Na proposta preliminar, os animais ganharam um capítulo inteiro voltado a estabelecer uma nova relação jurídica com esses seres vivos. Pelo texto, os animais passarão a ser reconhecidos juridicamente como seres capazes de ter sentimentos e direitos, tendo direito a uma proteção jurídica especial, que será definida em lei posterior. Além disso, o projeto também prevê que animais sejam indenizados por violências e maus-tratos, para reparação dos danos sofridos.

Este capítulo talvez seja um que apresenta maior divergência no colegiado, uma vez que alguns membros defendem a proposta, enquanto outros a critiquem, pois consideram que esta seria uma tentativa de equiparar seres humanos e animais. Outra discussão é a utilização da expressão “objeto de direito” para se referir aos animais, que pode levar a uma interpretação errônea, segundo os juristas, de que os pets seguem somente como itens de patrimônio dos tutores.

Segurança na internet

A grande inovação é a criação de normas gerais, criando um livro próprio sobre direito digital. Estão sendo propostas questões como a moderação de conteúdo das plataformas, avanços no neurodireito digital, entre outros.

Com relação a herança digital, a ideia, segundo os juristas, é que os bens digitais de uma pessoa falecida, tais como senhas, dados financeiros, perfis em redes sociais e programas de recompensa, como milhas de companhias aéreas, façam parte da herança. A exceção será o arquivo de mensagens privadas, que não poderá ser acessado pelos herdeiros, salvo por vontade expressa da pessoa falecida ou por decisão judicial.

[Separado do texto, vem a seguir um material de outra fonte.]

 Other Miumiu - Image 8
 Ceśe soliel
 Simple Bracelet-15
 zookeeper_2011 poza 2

A proposta também estabelece que representantes ou herdeiros poderão pedir a exclusão de perfis em redes sociais da pessoa falecida, desde que não haja vontade contrária expressa. Também será possível transformar o perfil em memorial. A exclusão será feita em 180 dias para mortos que não tiverem representantes legais.

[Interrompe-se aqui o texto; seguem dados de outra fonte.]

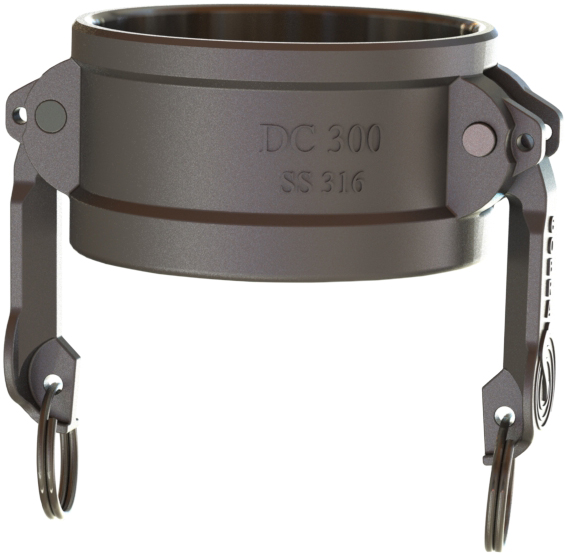 Part DC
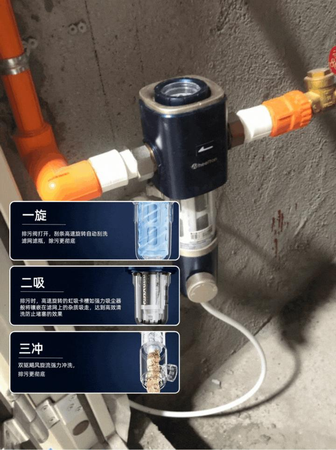 2a50c69f-acc8-4f2a-809e-b85eb3bb097f.png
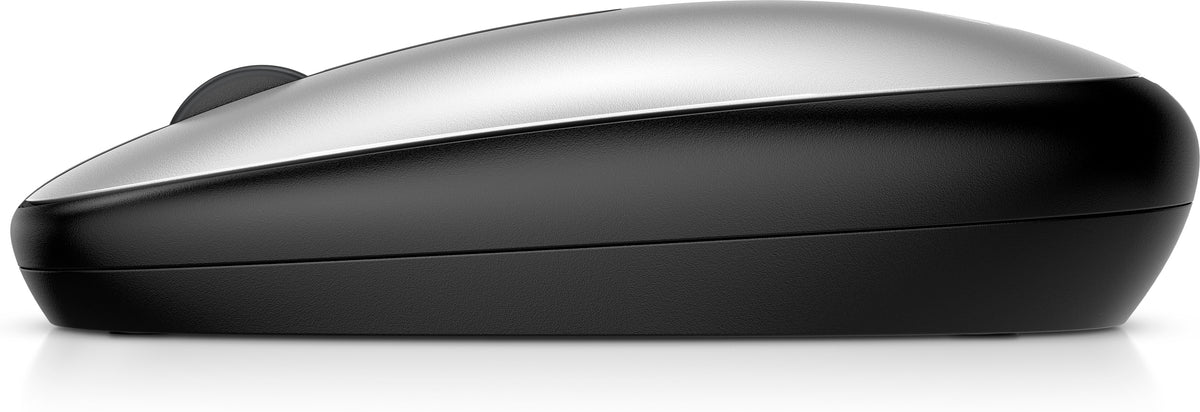 HP 240 Bluetooth-Maus (Pike Silver)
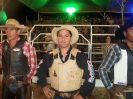 Dourado Rodeio Show 2013-33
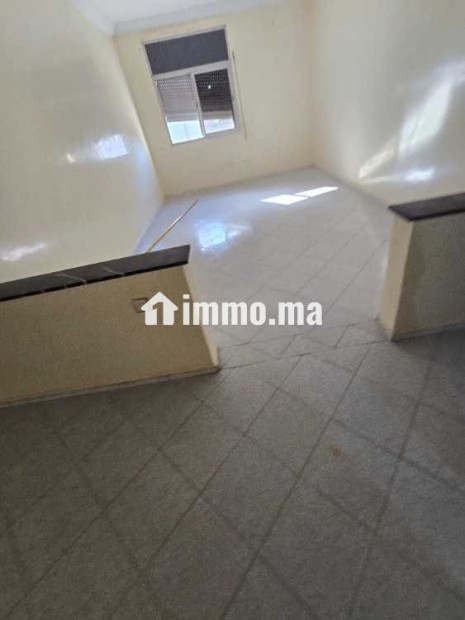 Appartement à vendre à florida 73 m² - Location Immobilier - Casablanca - photo 5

O texto da comissão propõe que as plataformas digitais terão o dever de proteger os direitos e os dados de crianças e adolescentes. Deverão, por exemplo, adotar mecanismos para verificar a idade do usuário e impedir a exibição de conteúdos inadequados.

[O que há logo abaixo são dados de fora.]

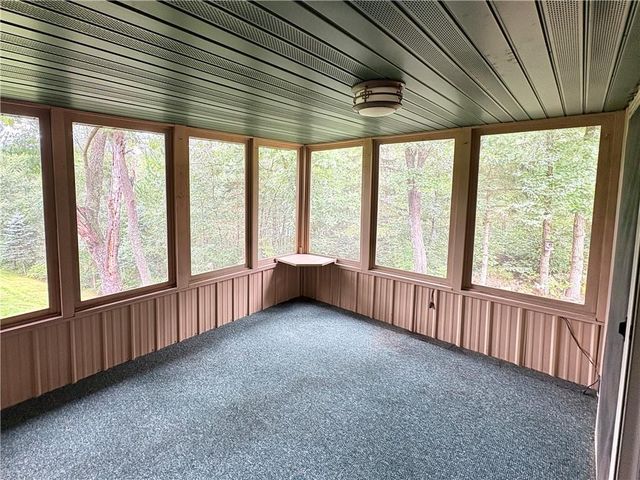 13087 Gilmore Drive, Minong, WI 54859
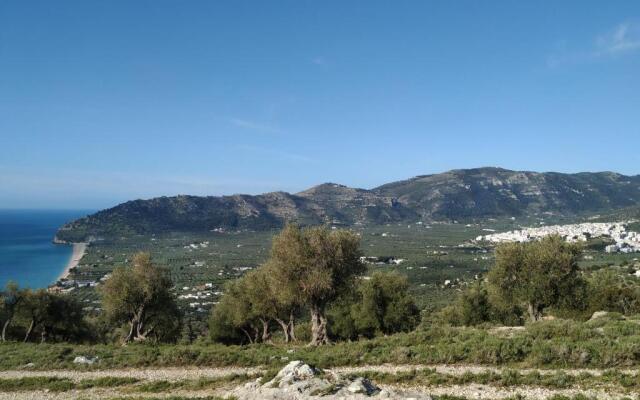 Residence TerraBella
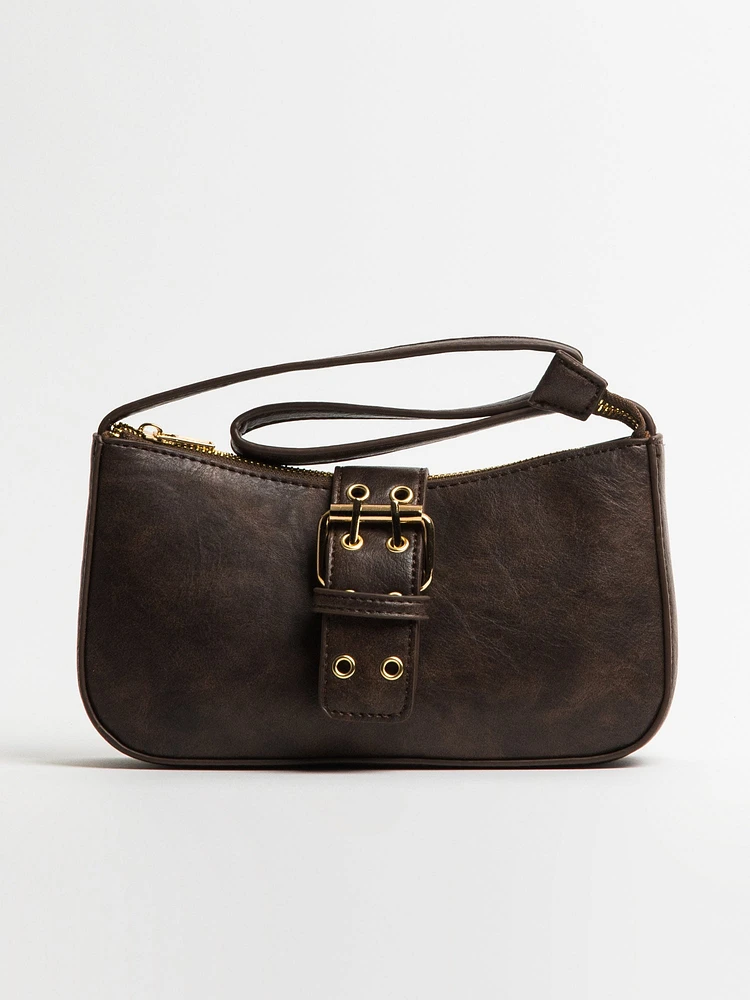 SAC À BANDOULIÈRE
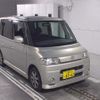 daihatsu tanto 2007 -DAIHATSU 【三重 583ｴ8362】--Tanto L350S--0334103---DAIHATSU 【三重 583ｴ8362】--Tanto L350S--0334103- image 1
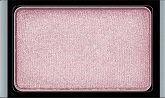 Artdeco Pearlescent Eyeshadow (Eyeshadow Pearl) 0.8 g 110 Pearly Timeless Rose &scaron;e&scaron;ėliai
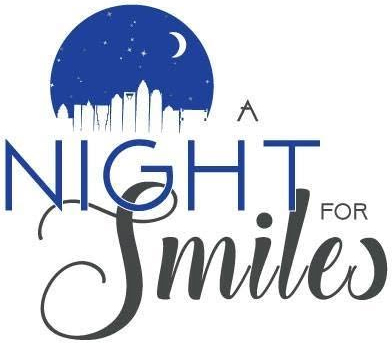 A Night for Smiles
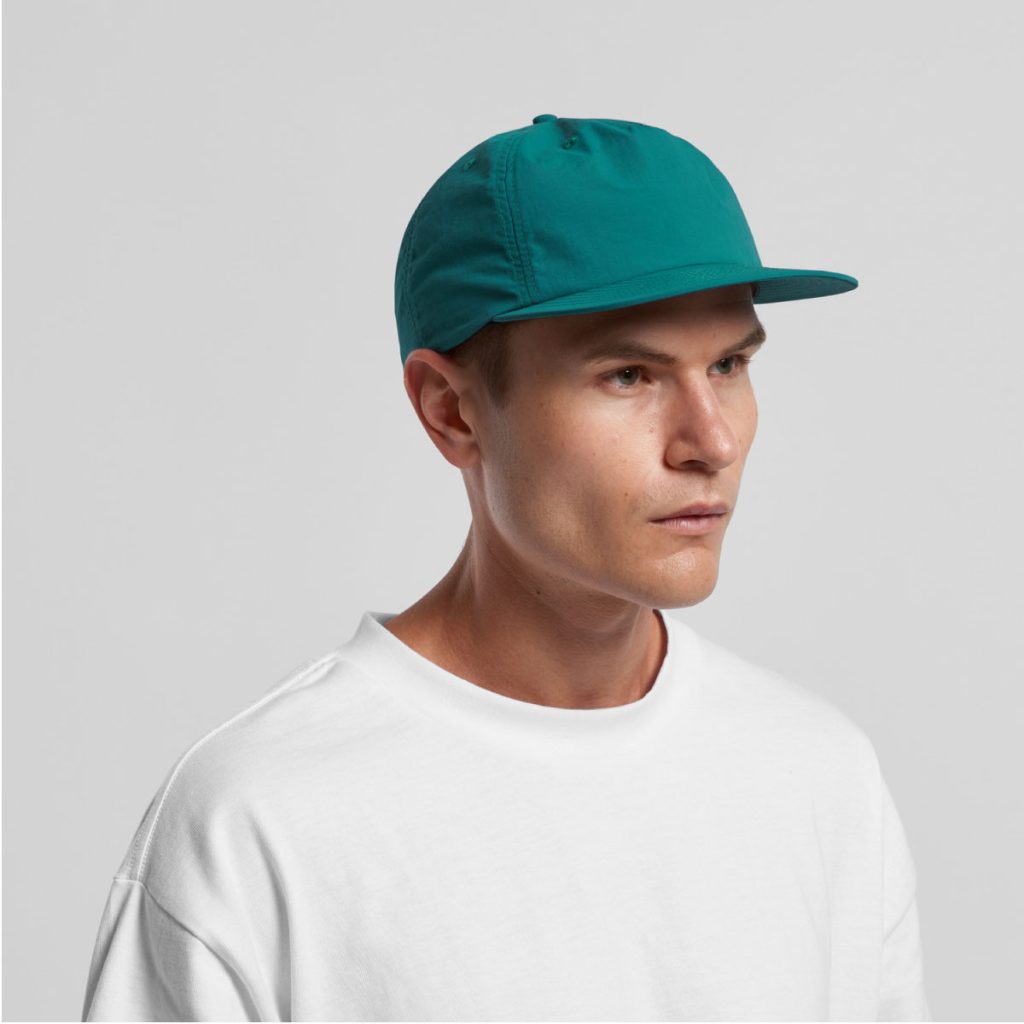 Promotional Cap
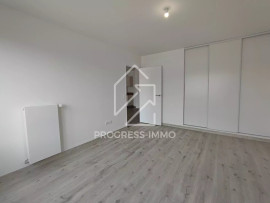 
                                                                                        Location
                                                                                         Clamart 2 pièces dans résidence de 2022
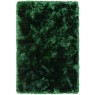 Plush Rug - Emerald Plush Rug - Emerald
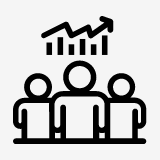 checkout-optimization-icon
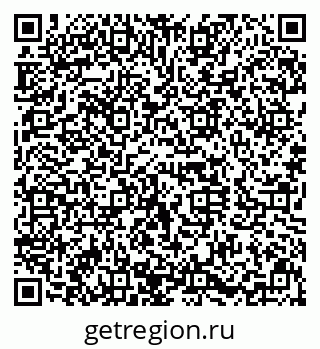 79630031803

Há também novas regras para o desenvolvimento de sistemas de inteligência artificial (IA) no país. Segundo o texto, entre outros critérios, devem ser respeitados os direitos fundamentais do cidadão.
De acordo com a Agência Senado, ao longo da semana, os juristas também discutiram e aprovaram emendas ao relatório em relação a temas como sucessão, usucapião, herança, guarda e regras para desburocratizar a abertura de empresas. O relatório consolidado vai se transformar em um projeto de lei que irá tramitar no Senado e, posteriormente, na Câmara dos Deputados, ainda sem prazo definido.